![]() |
Sering
manusia merasakan kegundahan tak berujung lantaran ujian dan cobaan yang menimpanya.
Kebanyakan, semuanya adalah perkara duniawi yang semakin dibuat risau, semakin
buntu arah pikiran dan batin, dada sesak tak karuan, dan kepala pening tak
berkesudahan seolah penyakit manusia ini begitu melekat erat dalam jiwa manusia.
Dunia
yang fana ini begitu menggiurkan untuk dikejar. Ibarat semangka di musim panas,
ingin sekali untuk langsung melahapnya. Padahal, dimensi kehidupan manusia tak
hanya sebatas dunia. Masih ada ruang-ruang akhirat yang perlu dijadikan tujuan
akhir. Allah ta’ala berfirman:
وَالْآخِرَةُ خَيْرٌ وَأَبْقَ
“Dan kehidupan
akhirat itu lebih baik dan abadi.”
Betapa
Allah telah menjamin dengan penawaran yang seharusnya manusia menyadarinya,
bahwa dunia ini bukanlah harta karun yang sempurna. Namun, apakah dengan
demikian manusia harus berlepas begitu saja dari dunia? Allah subhanahu wa
taala berfirman:
وَابْتَغِ فِيمَا آتَاكَ اللَّهُ
الدَّارَ الْآخِرَةَ ۖ وَلَا تَنْسَ نَصِيبَكَ مِنَ الدُّنْيَا ۖ وَأَحْسِنْ كَمَا
أَحْسَنَ اللَّهُ إِلَيْكَ ۖ وَلَا تَبْغِ الْفَسَادَ فِي الْأَرْضِ ۖ إِنَّ
اللَّهَ لَا يُحِبُّ الْمُفْسِدِين
“Dan carilah pada apa yang telah dianugerahkan Allah kepadamu
(kebahagiaan) negeri akhirat, dan janganlah kamu melupakan kebahagianmu dari
(kenikmatan) duniawi dan berbuat baiklah (kepada orang lain) sebagaimana Allah
telah berbuat baik, kepadamu, dan janganlah kamu berbuat kerusakan di (muka)

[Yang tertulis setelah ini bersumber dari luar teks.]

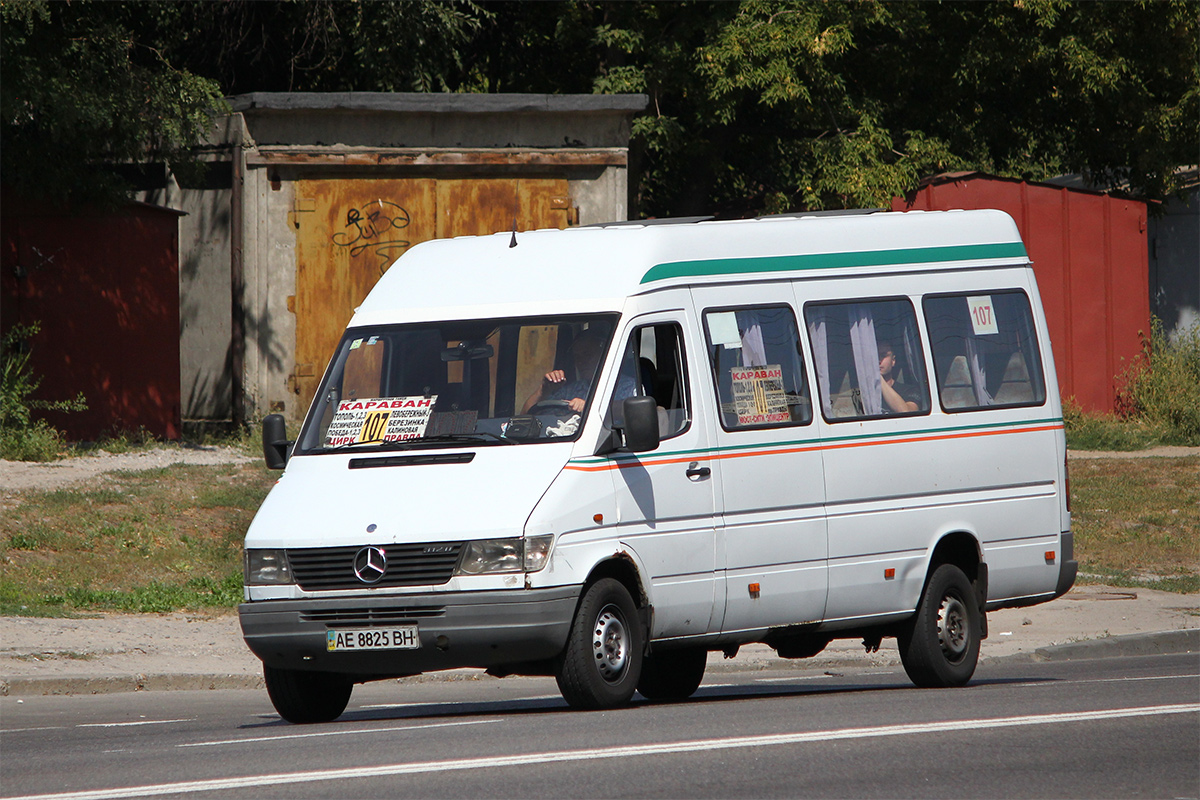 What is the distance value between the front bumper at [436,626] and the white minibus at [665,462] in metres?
0.01

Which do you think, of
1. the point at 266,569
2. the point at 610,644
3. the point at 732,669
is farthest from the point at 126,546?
the point at 610,644

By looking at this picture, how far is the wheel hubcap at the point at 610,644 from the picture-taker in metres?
9.02

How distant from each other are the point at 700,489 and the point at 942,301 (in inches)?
99.1

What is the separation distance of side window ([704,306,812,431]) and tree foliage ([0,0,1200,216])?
13.1 m

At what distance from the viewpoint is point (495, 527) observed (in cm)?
867

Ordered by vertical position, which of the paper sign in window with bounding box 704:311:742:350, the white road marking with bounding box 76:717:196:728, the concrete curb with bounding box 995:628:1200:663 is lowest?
the concrete curb with bounding box 995:628:1200:663

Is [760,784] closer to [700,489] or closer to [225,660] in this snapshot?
[700,489]

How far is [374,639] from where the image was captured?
8836 mm

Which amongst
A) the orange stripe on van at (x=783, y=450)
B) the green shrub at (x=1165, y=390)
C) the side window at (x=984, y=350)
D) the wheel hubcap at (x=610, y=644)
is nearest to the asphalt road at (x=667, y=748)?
the wheel hubcap at (x=610, y=644)

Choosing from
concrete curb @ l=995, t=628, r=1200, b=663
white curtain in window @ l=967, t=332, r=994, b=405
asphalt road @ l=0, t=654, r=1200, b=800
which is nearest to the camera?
asphalt road @ l=0, t=654, r=1200, b=800

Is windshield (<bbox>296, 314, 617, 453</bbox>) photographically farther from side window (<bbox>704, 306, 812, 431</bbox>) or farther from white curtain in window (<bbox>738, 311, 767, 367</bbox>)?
white curtain in window (<bbox>738, 311, 767, 367</bbox>)

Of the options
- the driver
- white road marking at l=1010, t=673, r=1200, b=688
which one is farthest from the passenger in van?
the driver

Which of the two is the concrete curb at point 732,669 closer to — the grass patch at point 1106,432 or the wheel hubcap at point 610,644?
the wheel hubcap at point 610,644

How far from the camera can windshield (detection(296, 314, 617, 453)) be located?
931 cm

bumi. Sesungguhnya Allah tidak menyukai orang - orang yang berbuat kerusakan.”
Ternyata Allah tidak memerintahkan manusia supaya
meninggalkan dunia begitu saja. Justru setelah manusia mengejar akhirat,
manusia diberi kesempatan untuk mendapatkan kebahagiaan duniawi. Tentu hal ini
merupakan kebahagiaan yang tidak menimbulkan keburukan dan kerugian bagi diri
sendiri dan kehidupan sekitar.
Manusia tetaplah manusia. Apalagi kita yang bukan wali bahkan
nabi. Tentu sulit untuk dapat menyeimbangkan mana yang harus dipikirkan dengan
seksama. Dunia atau akhirat yang kekal selamanya. Hidup ini sebenarnya
sederhana. Meraih kebahagiaan dunia dengan sederhana saja, sudah menentramkan
hati dan pikiran. Badai kegelisahan dalam jiwa kita untuk memaknai permasalahan
duniawilah yang mencipatakan kerunyaman tak berkesudahan. Ada seni bersyukur
yang sering luput dari diri manusia. Sehingga kenikmatan dunia yang
berkecukupan terasa kurang.
Maka, mari kita kembali tadabburi firman Allah yang
menekankan supaya manusia tidak terlalu larut dimabuk pencapaian, kegelisahan, cobaan,
dan masalah duniawi. Masih ada kampung akhirat menanti. Hingga kita dapat
memperoleh kebahagiaan sejati bertemu Sang Ilahi Robbi. Bukankah merupakan
kerugian ketika waktu yang diberikan oleh Allah kita gunakan hanya untuk
memepermasalahkan urusan dunia?
Dalam setiap aktivitas manusia, tersedia banyak sekali
momentum keakhiratan yang bisa dimaksimalkan. Seduhan kopi di pagi hari, dapat
dijadikan kesempatan untuk berpikir ukhrawi. Rebahan kita di siang hari, bisa
juga diselingi dengan tafakur nikmat ilahi. Bahkan, cengkerama kita bersama
teman-teman juga dapat kita selipkan syukur sembari diskusi. Dengan banyak
momen yang bisa kita konversikan menjadi kegiatan ukhrawi meskipun kecil, niscaya
akan sedikit mengikis rasa cemas kita terhadap dunia yang tak abadi ini.
Bagaimana?
Dunia yang penuh rona godaan ini tak melulu hanya membuat hati kita gusar dan
gundah jika kita memiliki cara berpikir akhirat. Akhirat sebagai our goal
semestinya selalu terpatri dalam mindset kita. Mari menjadi manusia yang
berusaha sebaik mungkin mengelola keduniawiaan agar tak merugi hanya karena
galau memikirkan pencapaian semu duniawi.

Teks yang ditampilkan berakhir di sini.